What Tencent's Hunyuan Hy3 Release Means for Open-Source AI
Tencent has rolled out the full production version of Hunyuan Hy3, its next-generation large language model, marking a major step forward from the preview build the company introduced in April. The release cements Tencent's push to become a serious player in the open-source AI race, offering developers a model that is both powerful and free to build on under the permissive Apache 2.0 license.
Model Architecture: Big Ambitions, Smaller Footprint
Hy3 is built as a Mixture-of-Experts (MoE) model with 295 billion total parameters, but only 21 billion of those parameters are activated during inference. That design lets Tencent keep computational costs down while still delivering performance that the company says matches or beats flagship open-source rivals carrying two to five times as many parameters.
The model also supports an expansive 256K token context window, giving it the capacity to process long documents, extended conversations, or large codebases in a single pass.
Hallucination Rate Cut in Half
One of the standout improvements in the full release is a sharp drop in hallucination rate. Compared to the April preview, Hy3's hallucination rate has been reduced by more than half, now sitting at 5.4%. Alongside that gain in reliability, the model reaches a 90% agent task resolution rate, reflecting a strong ability to complete multi-step, agent-driven tasks accurately.
Pricing and Where to Access Hy3
Tencent has also sharpened Hy3's pricing compared to the preview version. Input tokens now cost RMB 1 per million, down from the preview's RMB 1.2 per million, while output tokens are priced at RMB 4 per million. Developers can access the model through Tencent Cloud's TokenHub platform, as well as on GitHub and Hugging Face, making it broadly available to the open-source developer community.
From a Rapid Preview to a Refined Full Release
Hy3's development timeline moved quickly. Tencent restructured its Hunyuan team in late 2025 under chief AI scientist Yao Shunyu, and the newly rebuilt infrastructure produced the Hy3 preview in under three months, with that preview launching on April 23.
Preview Version Topped OpenRouter's Usage Charts
The preview build didn't just launch fast — it caught on fast. By early May, it had climbed to the top of OpenRouter's weekly call volume chart, logging 3.66 trillion tokens of usage on the aggregation platform. That early traction set the stage for the full release, which builds on the preview's momentum with improved post-training data quality and expanded reinforcement learning computation.

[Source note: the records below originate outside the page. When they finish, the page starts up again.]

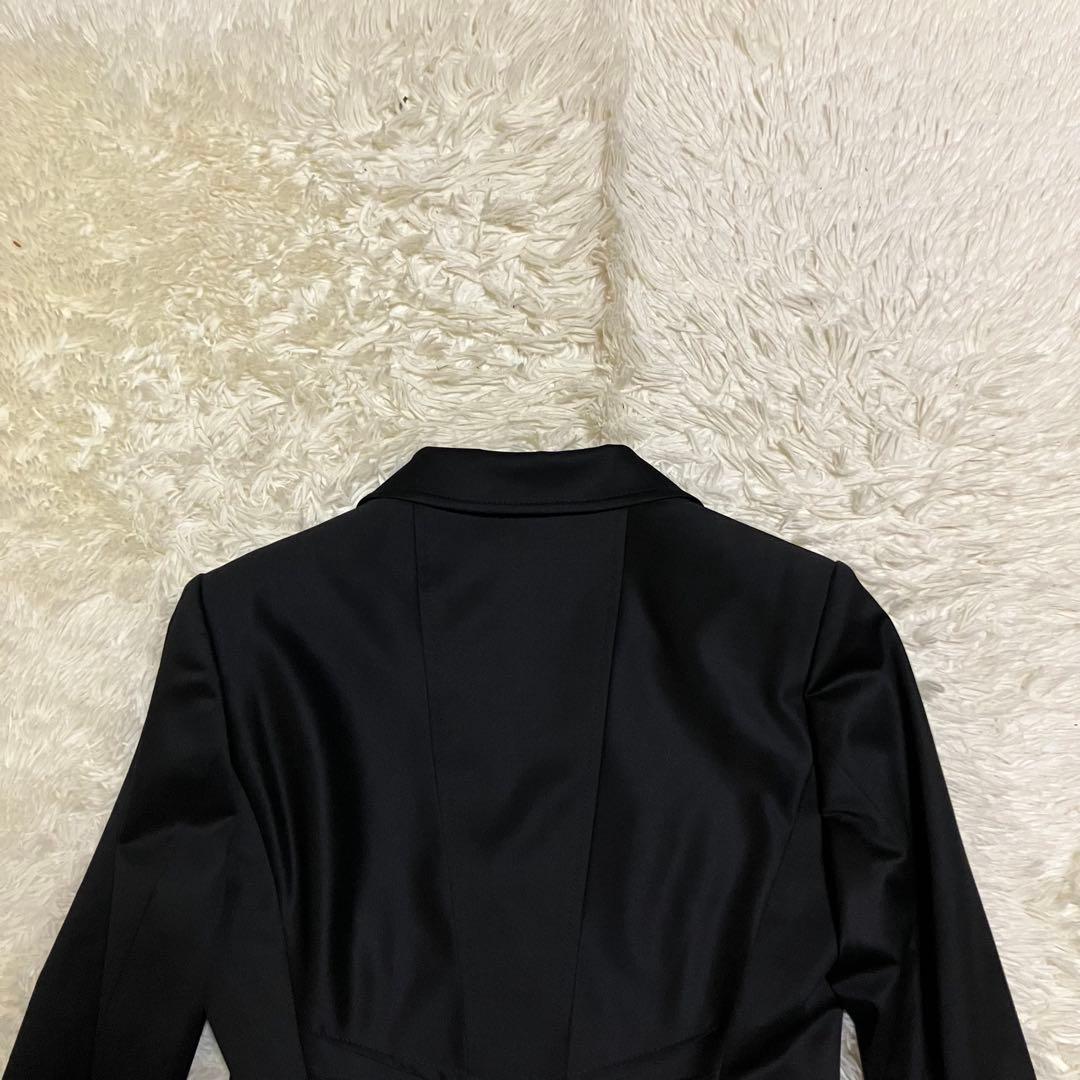 未使用　グッチ　ギャザー　デザイン　テーラード　ジャケット　ブラック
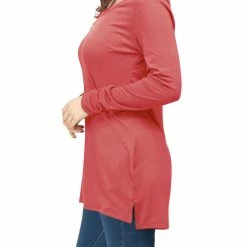 Allegra K V Neck Long Sleeves Side Split Tunic Top With Pockets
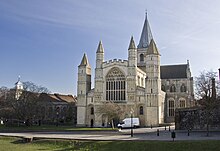 Rochester Cathedral from the West Rochester Cathedral from west.jpg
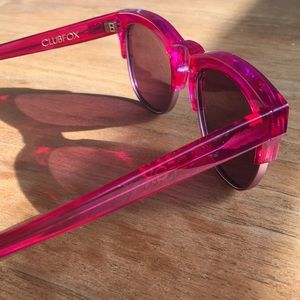 Wildfox clubfox pink sunglasses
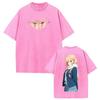 Anime T-shirt Marin Gothic Y2k Washed T Shirt Men Women Clothing Summer Short Sleeve Cotton Tees Tops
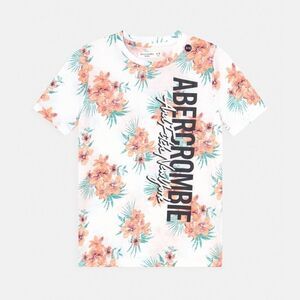 Abercrombie And Fitch Boy's Multicolor Floral Graphic T-Shirt Size 11/12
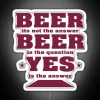 Unique RGB Neon Sign Decor for Beer Lover's Parties and Gatherings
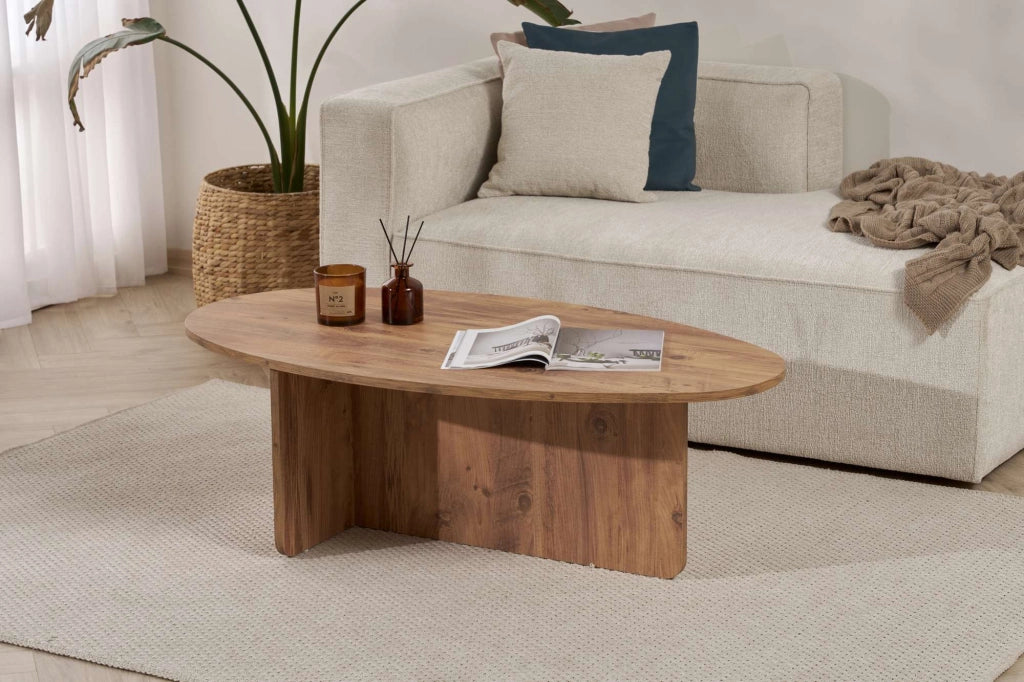 Tavolino in legno "Orba" - 120 x 65 x 40 cm - Pino Atlantico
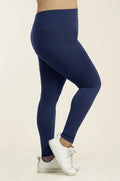 SOFRA LADIES FLEECE LINED LEGGINGS PLUS SIZE (TX700X)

Benchmark Performance Against GLM-5.2
According to reporting, Hy3 outperforms Zhipu's GLM-5.2 across most benchmarks despite operating at roughly half the size. That combination of smaller scale and stronger benchmark results is central to Tencent's pitch that Hy3 delivers flagship-level capability without the resource overhead typically required to achieve it.
Integration Across Tencent's Product Ecosystem
Hy3 isn't limited to standalone developer access — it's already been woven into several of Tencent's own products, including WorkBuddy, CodeBuddy, Yuanbao, and QQ. That kind of built-in distribution gives Hy3 an installed user base well beyond what a standalone model release would typically reach. The announcement also coincided with a market reaction: Tencent's Hong Kong-listed shares rose more than 4% on the day of the release.
Intensifying Competition Among Chinese AI Labs
Hy3's launch adds fuel to an already heated race among Chinese AI developers. Open-source models from DeepSeek, Alibaba's Qwen, and Zhipu have all been competing hard for developer adoption, and Tencent's aggressive pricing combined with the permissive Apache 2.0 license signals a clear strategy: prioritize accessibility and ecosystem integration in hopes that Hy3 becomes a default infrastructure layer for enterprise AI across China.